### Your instructions
Copy nothing from the entries below except the lines from the one containing "Socks & Hosiery" through the one containing "Kublai Khan (1214-94)", and copy those exactly.

### Dataset excerpts
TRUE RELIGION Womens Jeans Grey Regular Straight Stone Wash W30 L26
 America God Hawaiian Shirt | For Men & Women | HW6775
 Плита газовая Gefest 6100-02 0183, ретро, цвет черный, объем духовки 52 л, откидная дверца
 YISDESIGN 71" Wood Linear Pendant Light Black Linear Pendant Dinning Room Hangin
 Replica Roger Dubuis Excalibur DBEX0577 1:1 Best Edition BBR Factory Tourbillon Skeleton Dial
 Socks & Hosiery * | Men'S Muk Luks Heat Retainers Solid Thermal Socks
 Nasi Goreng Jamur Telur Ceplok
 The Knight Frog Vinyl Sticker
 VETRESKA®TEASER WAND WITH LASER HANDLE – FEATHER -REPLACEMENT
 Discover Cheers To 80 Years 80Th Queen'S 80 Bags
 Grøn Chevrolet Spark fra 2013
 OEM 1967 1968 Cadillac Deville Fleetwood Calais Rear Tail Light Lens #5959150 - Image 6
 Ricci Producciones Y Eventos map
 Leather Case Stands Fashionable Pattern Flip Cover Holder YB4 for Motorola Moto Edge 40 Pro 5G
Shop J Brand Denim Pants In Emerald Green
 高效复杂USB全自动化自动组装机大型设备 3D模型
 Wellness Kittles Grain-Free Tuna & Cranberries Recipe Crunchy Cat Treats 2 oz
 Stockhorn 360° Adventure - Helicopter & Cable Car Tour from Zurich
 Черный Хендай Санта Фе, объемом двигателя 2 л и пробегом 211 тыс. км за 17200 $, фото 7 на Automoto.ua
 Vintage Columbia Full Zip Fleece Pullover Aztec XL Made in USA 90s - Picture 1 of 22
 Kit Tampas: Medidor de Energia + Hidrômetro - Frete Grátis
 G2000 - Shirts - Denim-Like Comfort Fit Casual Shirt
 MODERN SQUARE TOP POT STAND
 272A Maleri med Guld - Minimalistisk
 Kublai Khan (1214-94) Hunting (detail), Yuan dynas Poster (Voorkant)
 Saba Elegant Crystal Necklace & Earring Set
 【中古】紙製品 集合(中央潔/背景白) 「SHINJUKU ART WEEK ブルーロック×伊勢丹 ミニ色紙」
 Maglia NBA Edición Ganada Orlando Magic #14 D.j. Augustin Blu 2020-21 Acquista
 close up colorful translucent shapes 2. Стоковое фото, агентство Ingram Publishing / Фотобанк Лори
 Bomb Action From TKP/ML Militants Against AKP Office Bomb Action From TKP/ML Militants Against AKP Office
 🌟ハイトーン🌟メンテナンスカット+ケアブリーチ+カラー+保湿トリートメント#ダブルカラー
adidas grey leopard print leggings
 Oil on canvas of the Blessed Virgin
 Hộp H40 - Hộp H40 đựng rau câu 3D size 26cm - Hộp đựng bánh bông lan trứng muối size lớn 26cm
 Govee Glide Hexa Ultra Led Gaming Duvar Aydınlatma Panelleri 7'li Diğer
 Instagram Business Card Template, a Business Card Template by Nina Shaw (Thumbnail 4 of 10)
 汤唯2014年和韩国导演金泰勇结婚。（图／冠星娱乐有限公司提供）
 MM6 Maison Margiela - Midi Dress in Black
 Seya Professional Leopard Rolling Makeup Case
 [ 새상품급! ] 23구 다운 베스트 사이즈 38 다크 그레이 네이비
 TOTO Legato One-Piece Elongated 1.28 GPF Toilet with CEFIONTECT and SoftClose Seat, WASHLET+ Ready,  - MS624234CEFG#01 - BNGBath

### Response area
 Socks & Hosiery * | Men'S Muk Luks Heat Retainers Solid Thermal Socks
 Nasi Goreng Jamur Telur Ceplok
 The Knight Frog Vinyl Sticker
 VETRESKA®TEASER WAND WITH LASER HANDLE – FEATHER -REPLACEMENT
 Discover Cheers To 80 Years 80Th Queen'S 80 Bags
 Grøn Chevrolet Spark fra 2013
 OEM 1967 1968 Cadillac Deville Fleetwood Calais Rear Tail Light Lens #5959150 - Image 6
 Ricci Producciones Y Eventos map
 Leather Case Stands Fashionable Pattern Flip Cover Holder YB4 for Motorola Moto Edge 40 Pro 5G
Shop J Brand Denim Pants In Emerald Green
 高效复杂USB全自动化自动组装机大型设备 3D模型
 Wellness Kittles Grain-Free Tuna & Cranberries Recipe Crunchy Cat Treats 2 oz
 Stockhorn 360° Adventure - Helicopter & Cable Car Tour from Zurich
 Черный Хендай Санта Фе, объемом двигателя 2 л и пробегом 211 тыс. км за 17200 $, фото 7 на Automoto.ua
 Vintage Columbia Full Zip Fleece Pullover Aztec XL Made in USA 90s - Picture 1 of 22
 Kit Tampas: Medidor de Energia + Hidrômetro - Frete Grátis
 G2000 - Shirts - Denim-Like Comfort Fit Casual Shirt
 MODERN SQUARE TOP POT STAND
 272A Maleri med Guld - Minimalistisk
 Kublai Khan (1214-94) Hunting (detail), Yuan dynas Poster (Voorkant)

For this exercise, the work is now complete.